Post-ETL Sync Processing

Custom data transformations after the standard ETL process is completed'

Post-ETL Sync Processing

The Post-ETL Sync Processing feature enables custom data transformations after the standard ETL process is completed. This functionality allows organizations to create derived tables, perform complex data aggregations, and implement custom business logic on the ETL data.

Key Features

  • Configurable Transformations: Define custom SQL transformations through JSON configuration files
  • Incremental Processing: Only process data that has changed since the last sync
  • Ordered Execution: Execute DDL and DML operations in a specified order
  • Schema-specific Configurations: Support for organization-specific transformations
  • Transaction Management: Ensures data integrity during the transformation process

Repository and Setup

This feature is part of the avni-etl repository. For complete setup instructions and the main ETL service documentation, refer to:

Prerequisites

Before setting up Post-ETL Sync Processing, ensure you have:

  1. A working ETL service setup (as documented in the avni-etl repository)
  2. Organization-specific ETL schema configured
  3. Appropriate database permissions for the organization user

Quick Setup Reference

For detailed setup instructions, refer to the avni-etl repository README.md, but the key steps include:

  1. Clone the avni-etl repository
  2. Set up the database and ETL schema for your organization
  3. Configure the Post-ETL Sync processing as described in this document

Implementation Details

Key Components

  1. PostETLConfig: Domain model for the configuration structure
  2. PostETLSyncService: Service that orchestrates the execution of post-ETL sync scripts
  3. PostETLSyncStatusRepository: Manages the sync state and cutoff timestamps
  4. EtlService: Integration point to trigger post-ETL sync after the main ETL process

Execution Flow

  1. The ETL process completes
  2. PostETLSyncService loads the organization-specific configuration
  3. DDL scripts are executed in order (if tables don't exist)
  4. DML scripts are executed in order, with inserts followed by updates
  5. The cutoff timestamp is updated for the next run

SQL Scripts

SQL scripts are stored in the organization-specific directory and referenced in the configuration file:

  1. DDL Scripts: Create tables, indexes, and other database objects. These run first and only if the table doesn't already exist.

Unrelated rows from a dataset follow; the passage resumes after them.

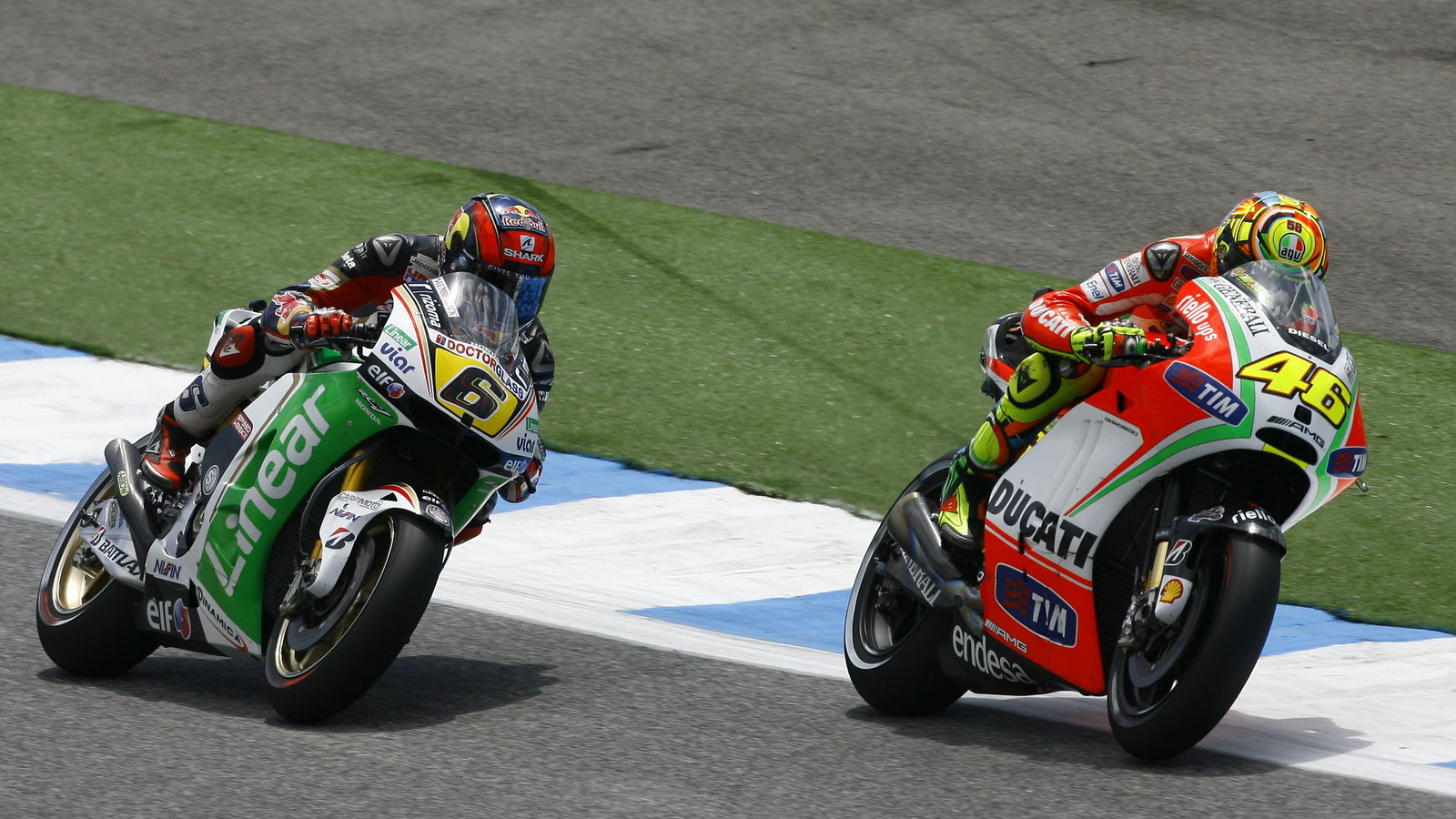 Bradl and Rossi, Portuguese MotoGP 2012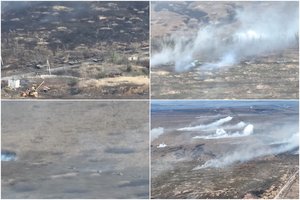 Parodė vieną didžiausių Rusijos puolimų Avdijivkoje: veržėsi „tiesiog laukinėmis jėgomis“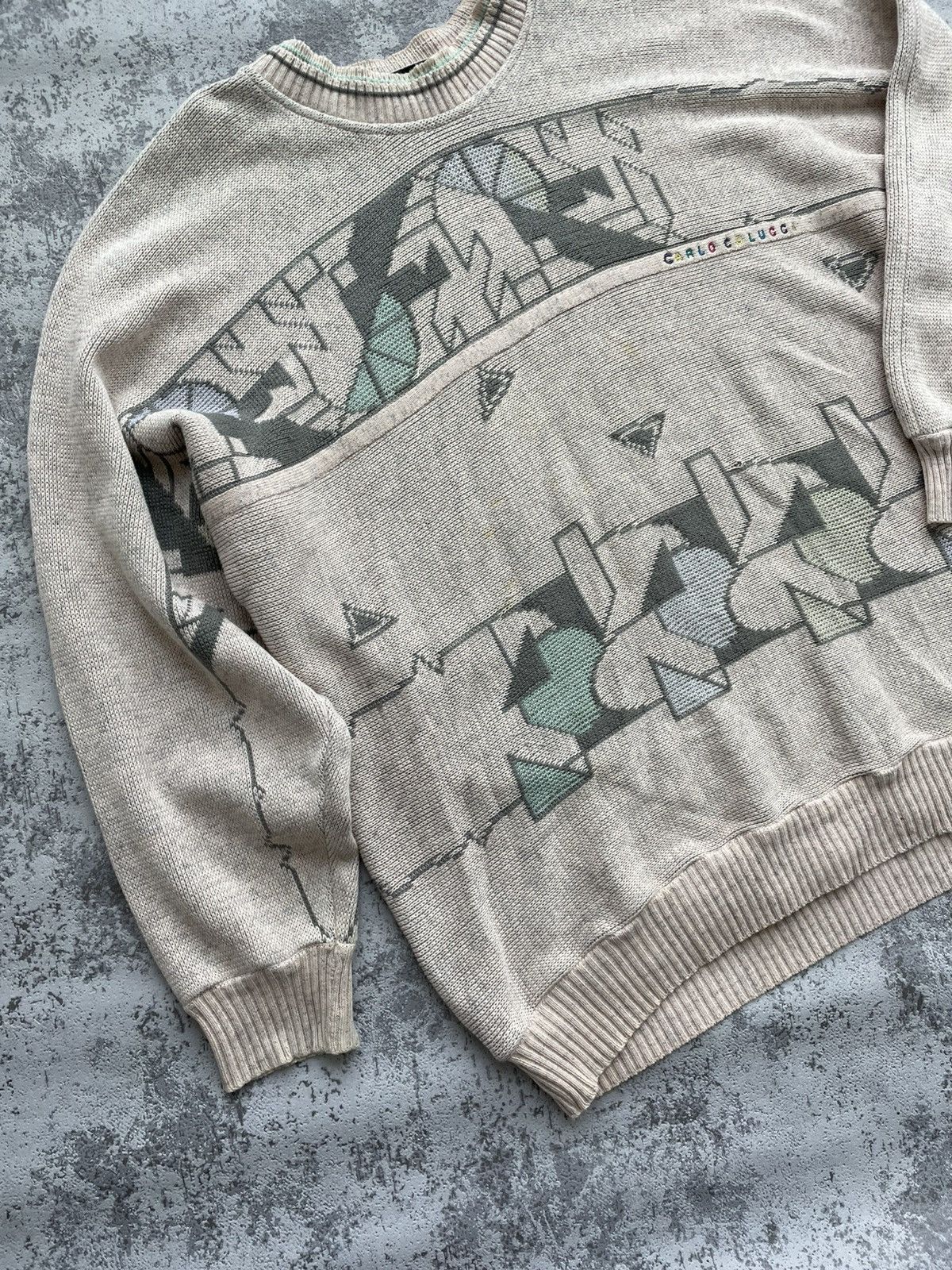 Carlo Colucci × Vintage Vintage 90s Carlo Colucci Oversized Sweatshirt Size US L / EU 52-54 / 3 - 2 Thumbnail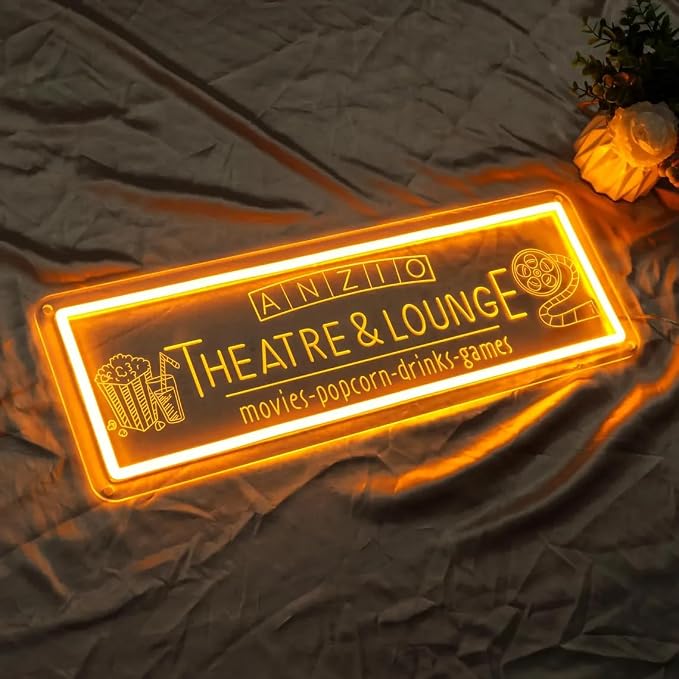 Custom Theatre & Lounge Neon Sign, Personalized Home Theater LED Neon Light - Image 5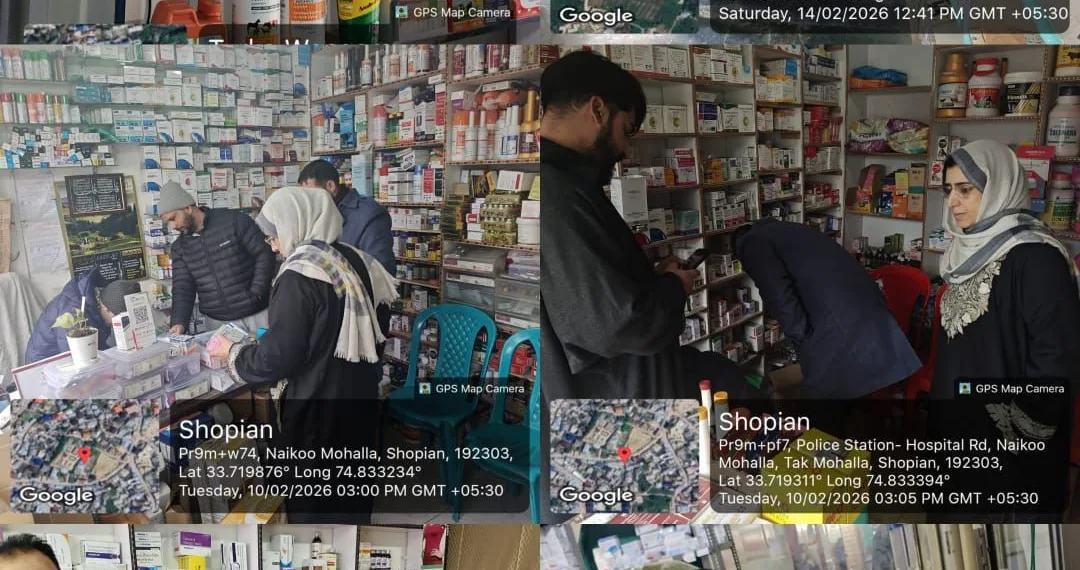 Drugs Control Department Shopian conducts district-wide inspections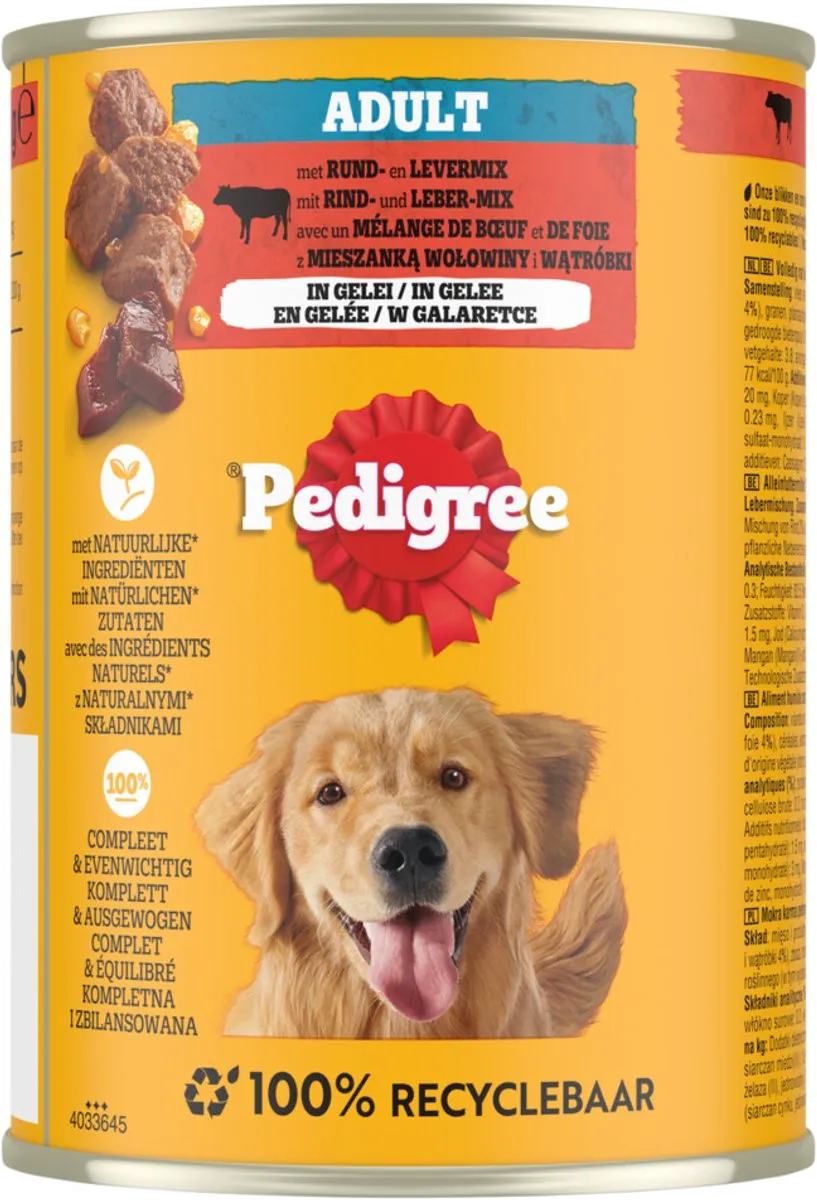 Pedigree Adult Nat Hondenvoer Rund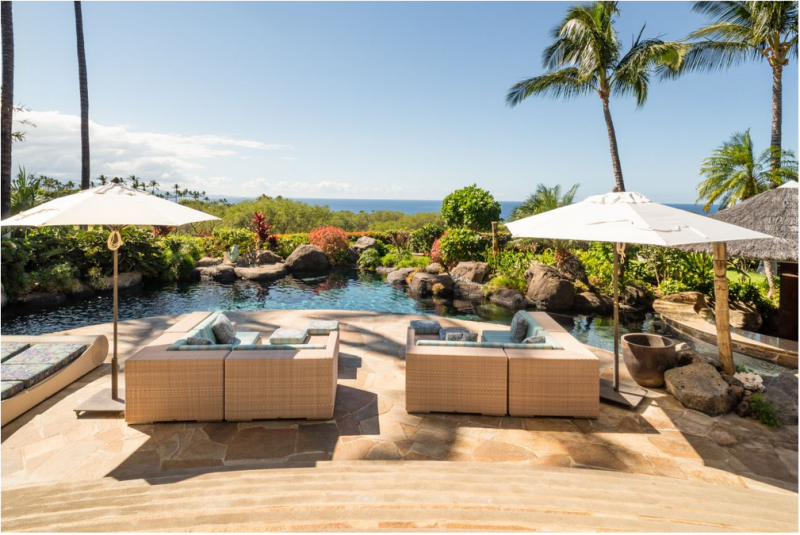 Вилла на курорте Мауна-Кеа на Гавайях Вилла на курорте Мауна-Кеа на Гавайях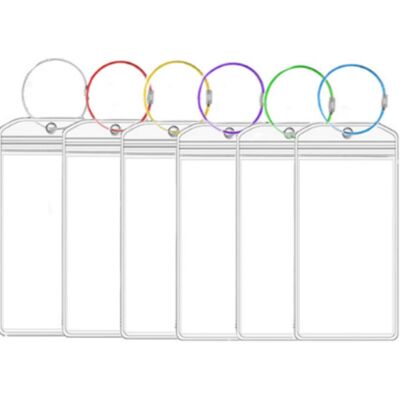 Unbranded Travel in Style: Clear Plastic Cruise Luggage Tag Holders, Waterproof with Secur Unbranded Travel in Style: Clear Plastic Cruise Luggage Tag Holders, Waterproof with Secur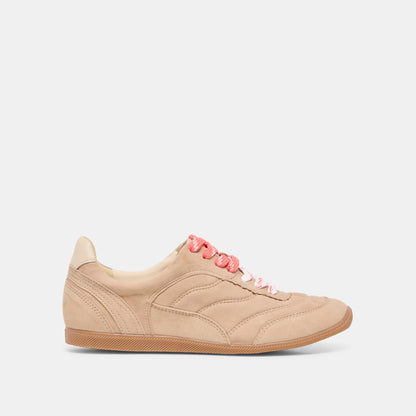 Dolce Vita SHOES Laini Camel Suede Sneakers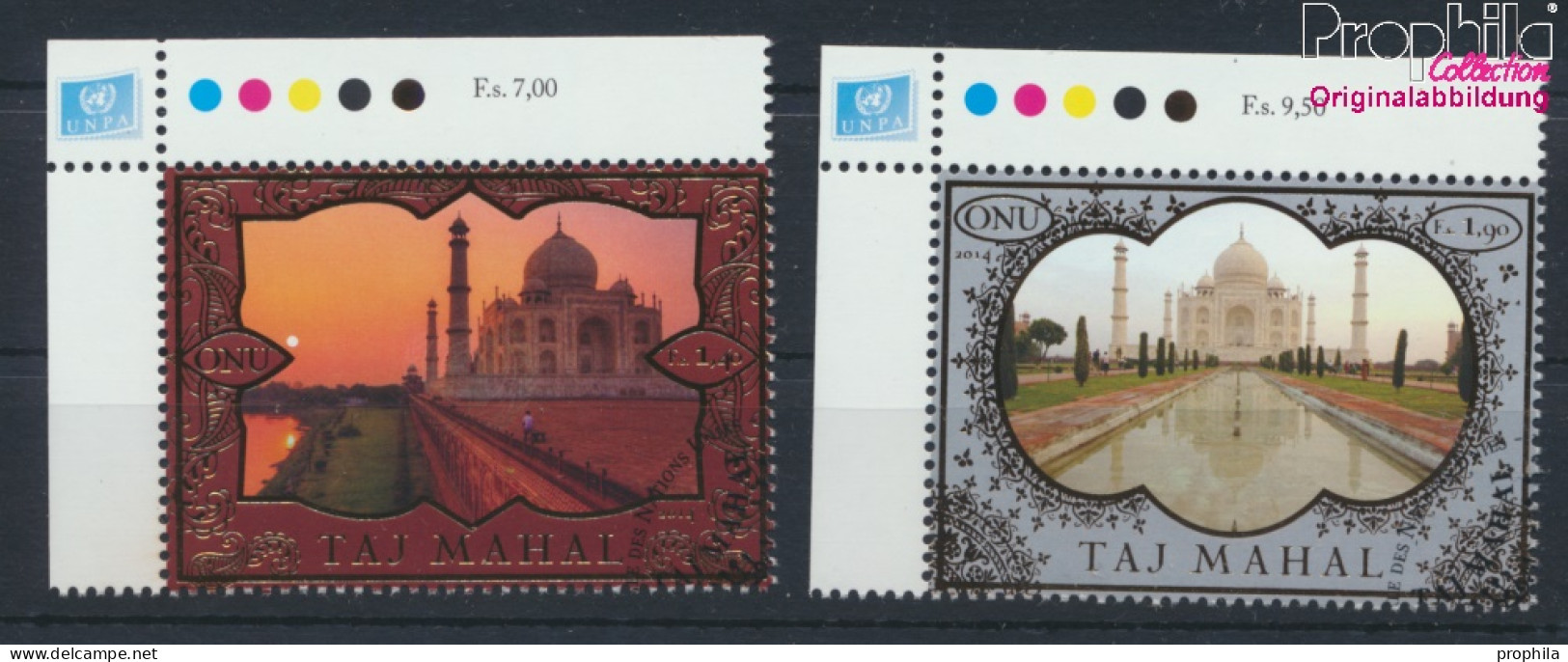 UNO - Genf 862-863 (kompl.Ausg.) Gestempelt 2014 UNESCO Welterbe Taj Mahal (10073394 - Usados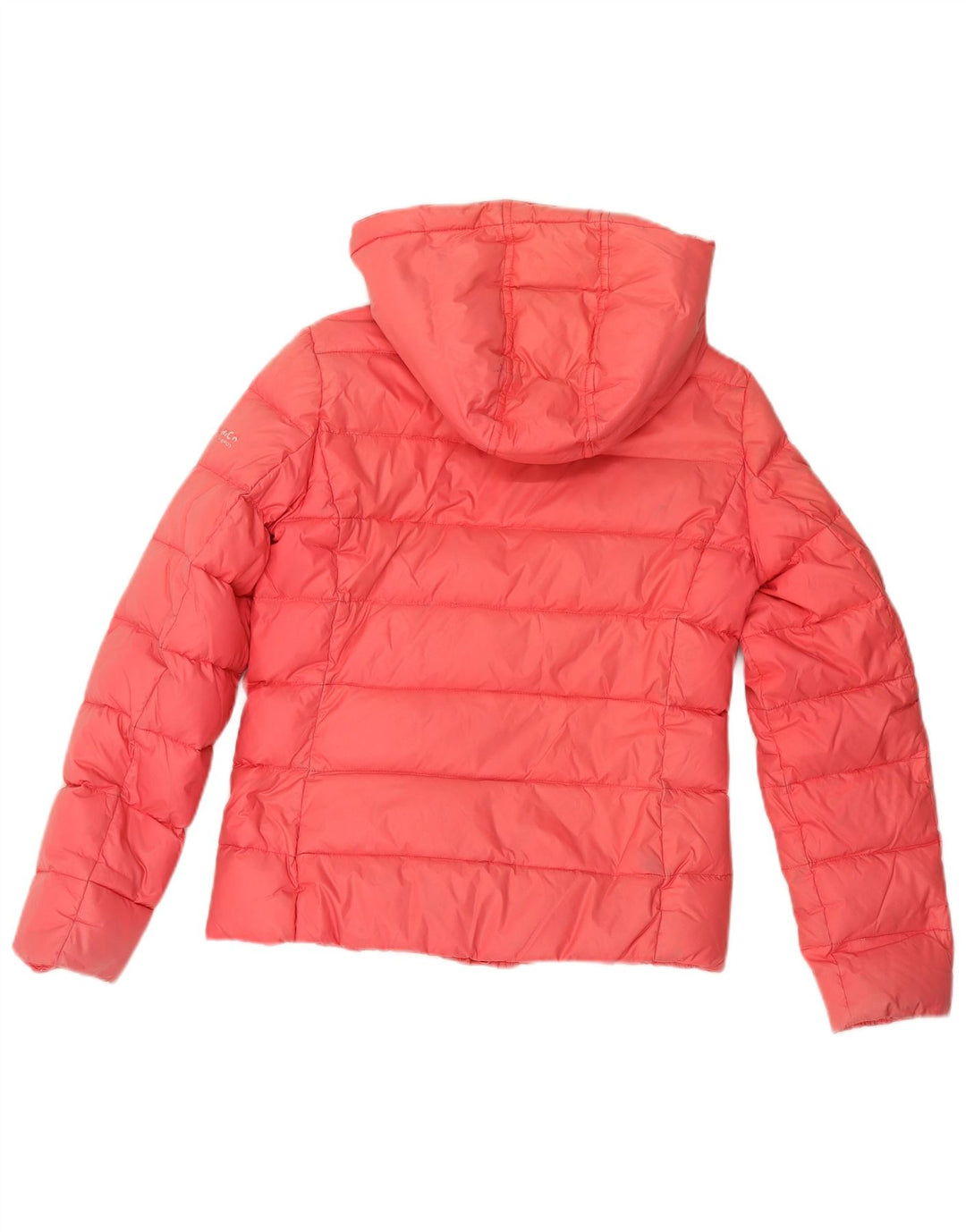Woolrich ženska podstavljena jakna s kapuljačom UK 10 Mala ružičasta poliamidna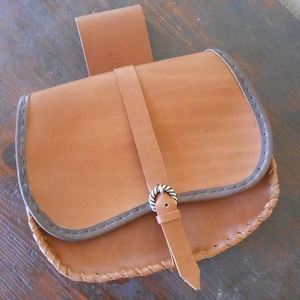 leather belt bag
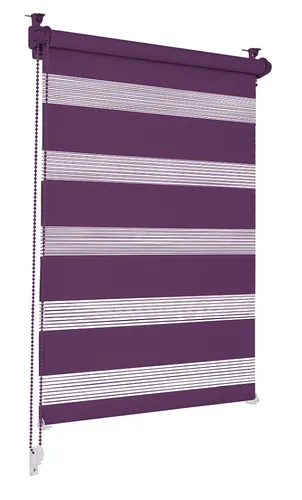 Doppelrollo Lila 95 x 130 cm Klemmfix ohne Bohren - Klemmbare Doppelrollos in modernem Lila, ideal für alle Zimmer. Blickdicht und pflegeleicht, sorgen sie für stilvollen Sichtschutz ohne Bohren.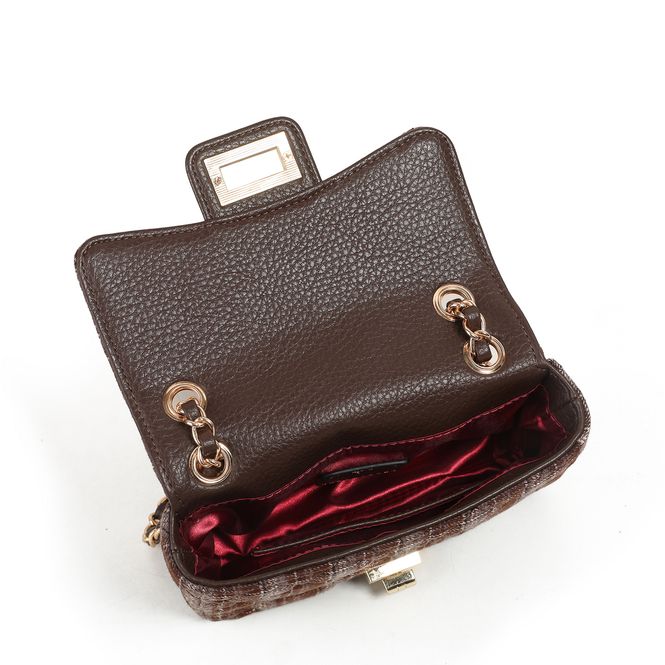 Huvudbild Evita liten clutch brunrutig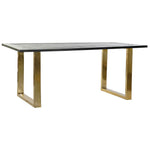 Table de Salle à Manger DKD Home Decor 180 x 89 x 75 cm Métal Bois de manguier Bigbuy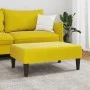 Reposapiés de terciopelo amarillo 77x55x31 cm de , Otomanas - Ref: Foro24-379561, Precio: 55,35 €, Descuento: %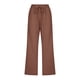 thumbnail image 4 of Pantalones de cintura alta y pierna ancha con cordón para mujer - Pantalones rectos elásticos de poliéster con bolsillos, 4 of 5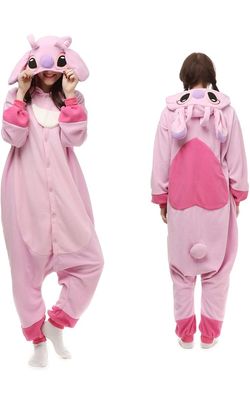 Angel Stitch Onesie Halloween Pajama Costume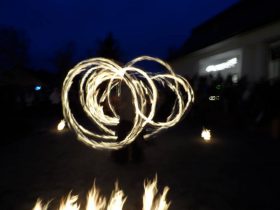 Nagyhalász, Adventi Ünnep, Tűzzsonglőr Műsor 2013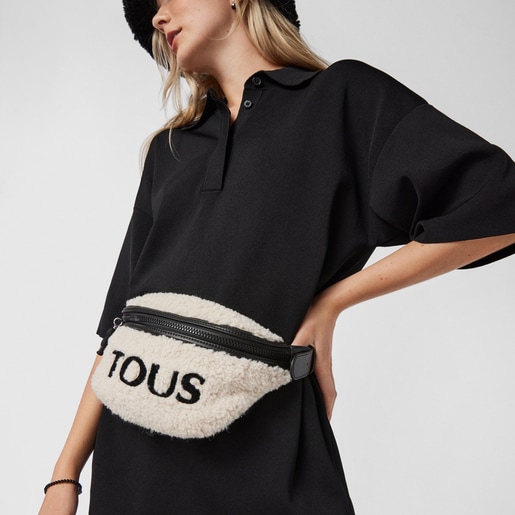 Бежевая поясная сумка Amaya Warm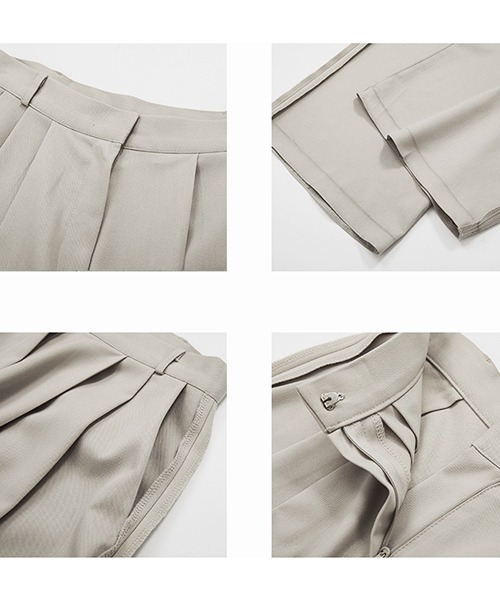 UNSPOKEN（アンスポクン）の「【UNSPOKEN】Side ruffle wide pants UX21K038（スラックス・レディース・アイボリー・L/M/S）」の18枚目の写真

  2. DML Scripts: Insert and update data in the tables:

    • Insert SQL: Adds new records to the target table
    • Update SQLs: Updates existing records in the target table

Parameter Substitution

The system automatically replaces the following parameters in SQL scripts:

  • :previousCutoffDateTime: Timestamp of the last successful sync
  • :newCutoffDateTime: Current timestamp for this sync
  • :param1, :param2, etc.: Custom parameters specified in the sql-params array

Configuration Structure

The Post-ETL Sync process is driven by a JSON configuration file named post-etl-sync-processing-config.json located in the organization-specific directory under src/main/resources/post-etl/{organization}/.

{
  "ddl": [
    {
      "order": 1,
      "table": "table_name",
      "sql": "create-table-script.sql",
      "exists_check": "optional_custom_check_query"
    }
  ],
  "dml": [
    {
      "order": 1,
      "table": "target_table_name",
      "sqls": [
        {
          "order": 1,
          "sourceTableName": "source_table",
          "insert-sql": "insert-script.sql",
          "update-sqls": [
            "update-script-1.sql",
            "update-script-2.sql"
          ],
          "sql-params": [
            "optional_param1",
            "optional_param2"
          ]
        }
      ]
    }
  ]
}

Configuration Requirements

DDL Configuration

  • order: Numeric execution order (starts with 1)
  • table: Target table name
  • sql: SQL script filename for table creation
  • Optional: exists_check for custom table existence verification

DML Configuration

  • order: Numeric execution order
  • table: Target table name
  • sqls: Array of source table operations with:
    • order: Execution order within the DML operation
    • sourceTableName: Source table for data
    • insert-sql: Script filename for insert operations (can be empty if only updates)
    • update-sqls: Array of update script filenames (can be empty if only inserts)
    • Optional: sql-params for additional parameters

Best Practices

Schema Name Usage

  1. Always qualify table names with the schema name in all SQL scripts:

    apfodisha.individual_child_growth_monitoring_report
  2. Begin DDL scripts with role setting to ensure proper permissions:

    set role apfodisha;
  3. Use consistent schema names throughout all related SQL scripts, matching the directory name under post-etl/

Timestamp Filtering

  1. Always use both timestamp parameters in SQL scripts that modify data:

    WHERE (column_datetime > :previousCutoffDateTime AND column_datetime <= :newCutoffDateTime)
  2. Apply filters to multiple timestamp columns when applicable:

    WHERE (created_date_time > :previousCutoffDateTime AND created_date_time <= :newCutoffDateTime)
       OR (last_modified_date_time > :previousCutoffDateTime AND last_modified_date_time <= :newCutoffDateTime)
  3. Include timestamp filters in all subqueries and CTEs:

    AND follow_up.last_modified_date_time > :previousCutoffDateTime 
    AND follow_up.last_modified_date_time <= :newCutoffDateTime

SQL Script Practices

  1. Use descriptive prefixes related to the target table (e.g., icgmr- for individual_child_growth_monitoring_report)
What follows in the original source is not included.